═══ Information shown

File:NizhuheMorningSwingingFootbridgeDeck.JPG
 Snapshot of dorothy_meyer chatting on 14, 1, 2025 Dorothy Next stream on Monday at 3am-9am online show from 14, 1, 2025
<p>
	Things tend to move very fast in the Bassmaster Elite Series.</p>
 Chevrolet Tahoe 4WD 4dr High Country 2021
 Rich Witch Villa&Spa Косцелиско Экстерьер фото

══════

• _Assigned task_: All that is wanted is the set of lines from the one with "Things tend to" through the last line of the entries, both included, output exactly.

• _Result for this task_:
	Things tend to move very fast in the Bassmaster Elite Series.</p>
 Chevrolet Tahoe 4WD 4dr High Country 2021
 Rich Witch Villa&Spa Косцелиско Экстерьер фото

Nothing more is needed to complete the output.